DATA EXTRACT =
╭──

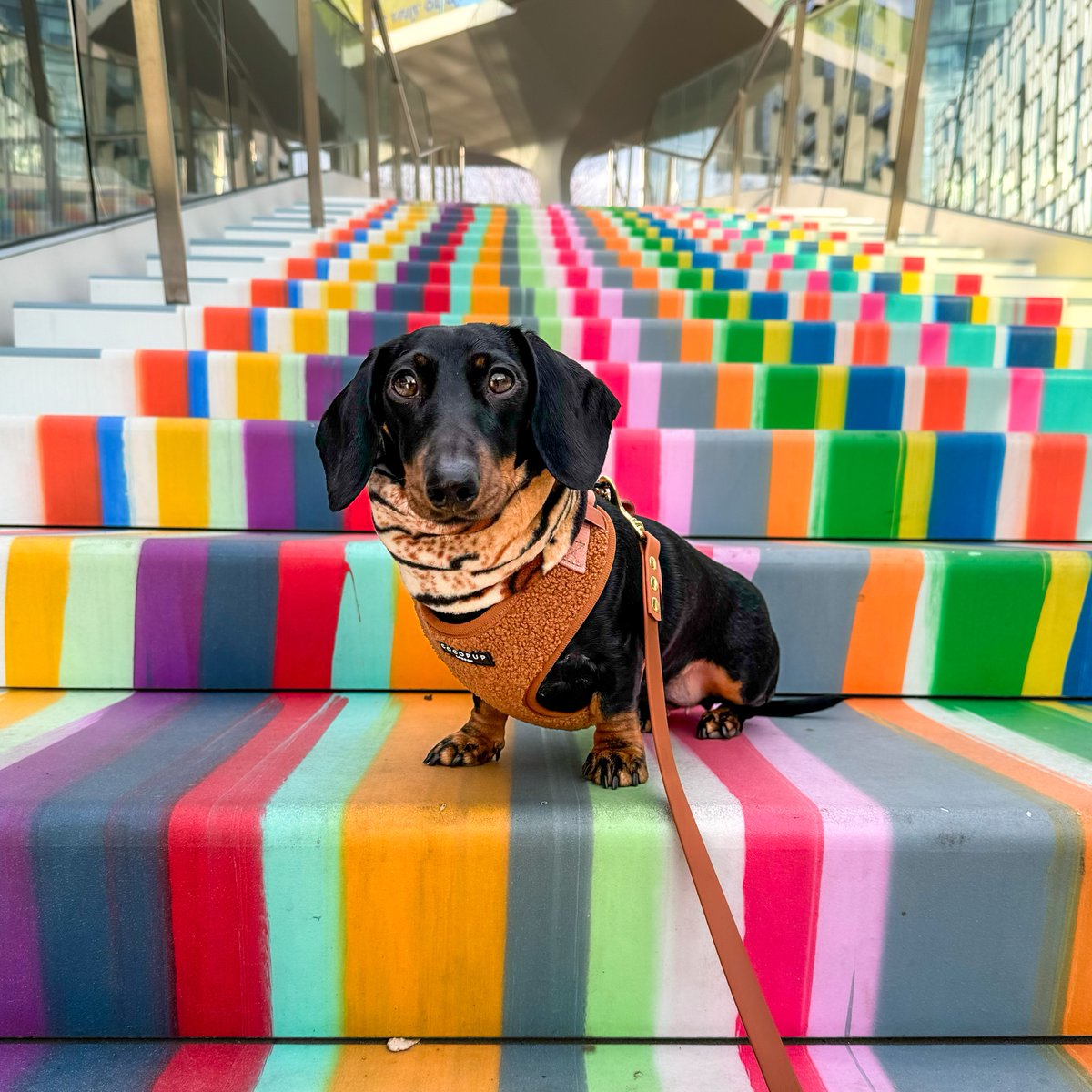 We love seeing your pictures at Greenwich Peninsula. Don't forget to tag #GreenwichPeninsula in your photos for your chance to be featured on our page 😍 📸 @pennythelittlesausage on Instagram #GreenwichPeninsula #Greenwich #InstaPuppy #DogPics #VisitGreenwich #PuppyLove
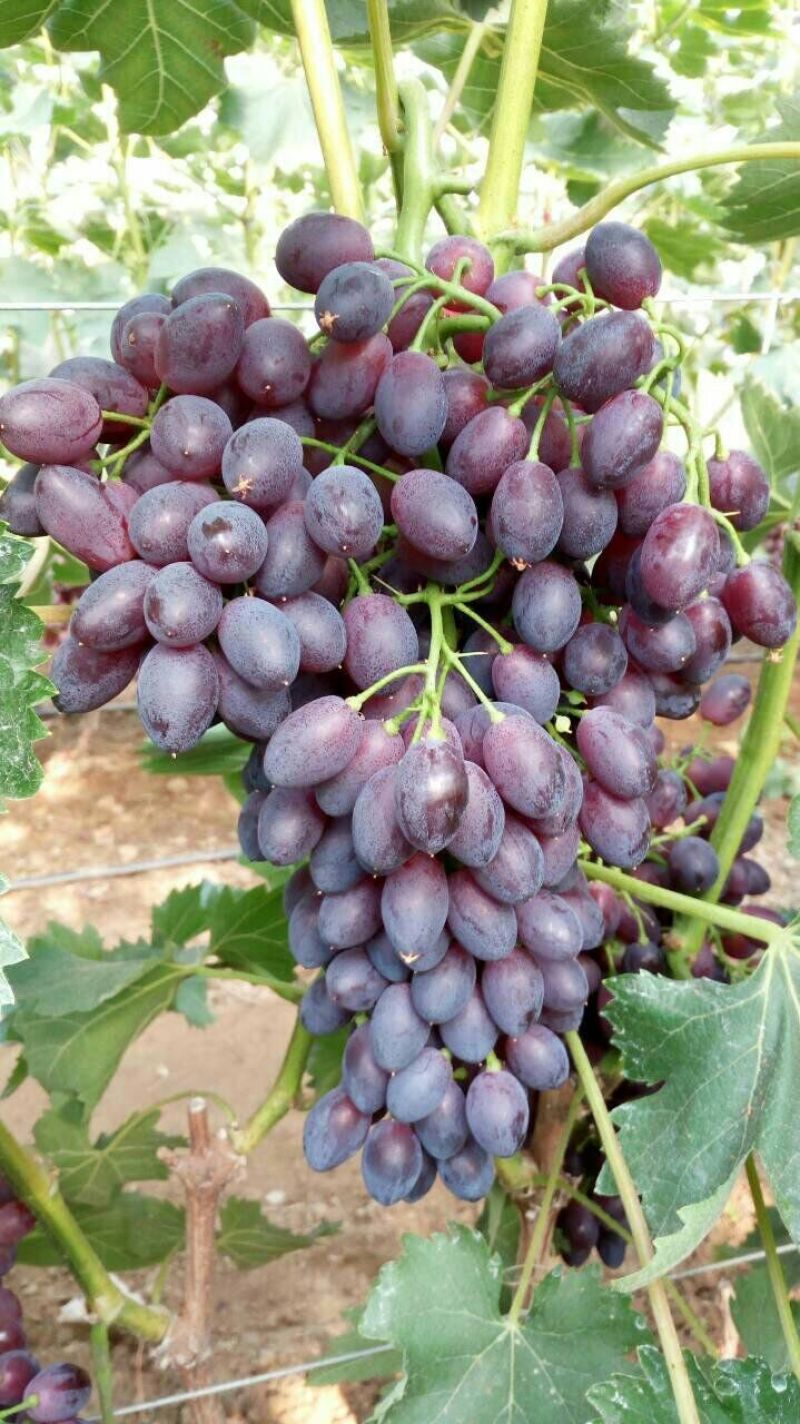 葡萄苗1年30~50cm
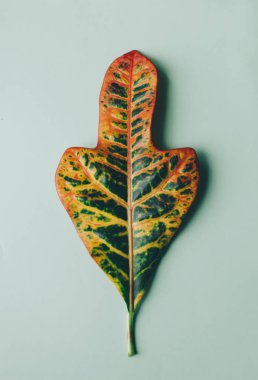 Büyük yaprak yeşil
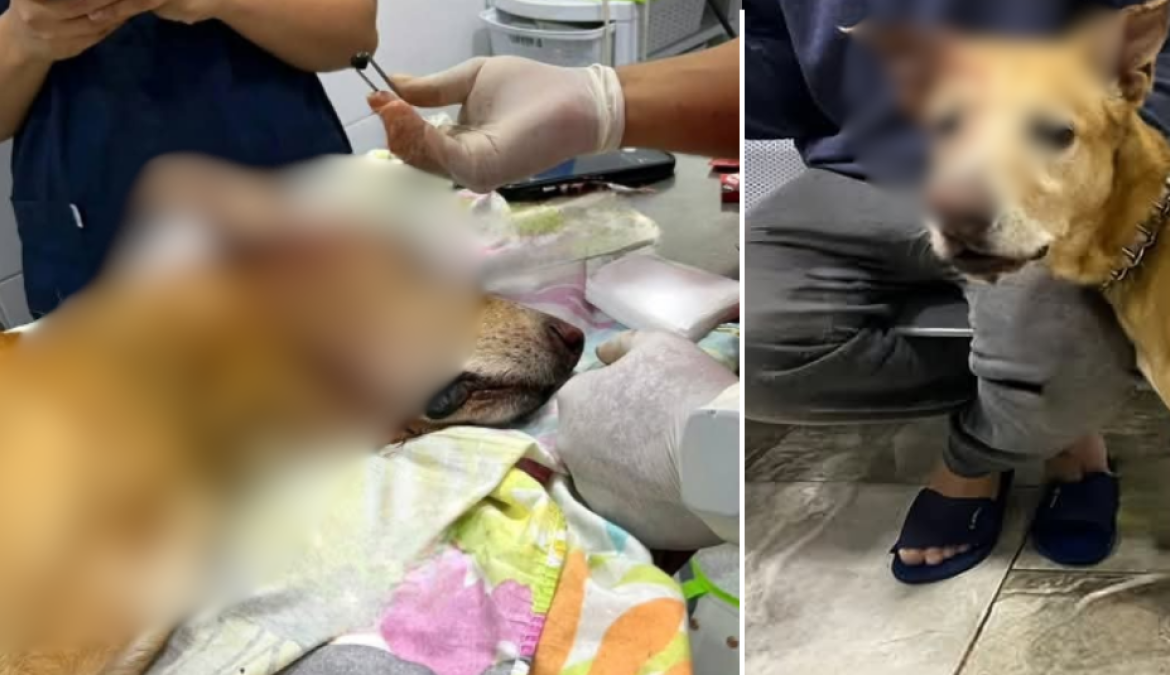 la mascota recibe atención veterinaria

╰──

TASK DIRECTIONS =
Write the lines from the line containing "葡萄苗1年30~50cm" through the last line of the data out again exactly, and only those lines; pictures stay out.

SOLUTION =
 葡萄苗1年30~50cm
 Büyük yaprak yeşil
 la mascota recibe atención veterinaria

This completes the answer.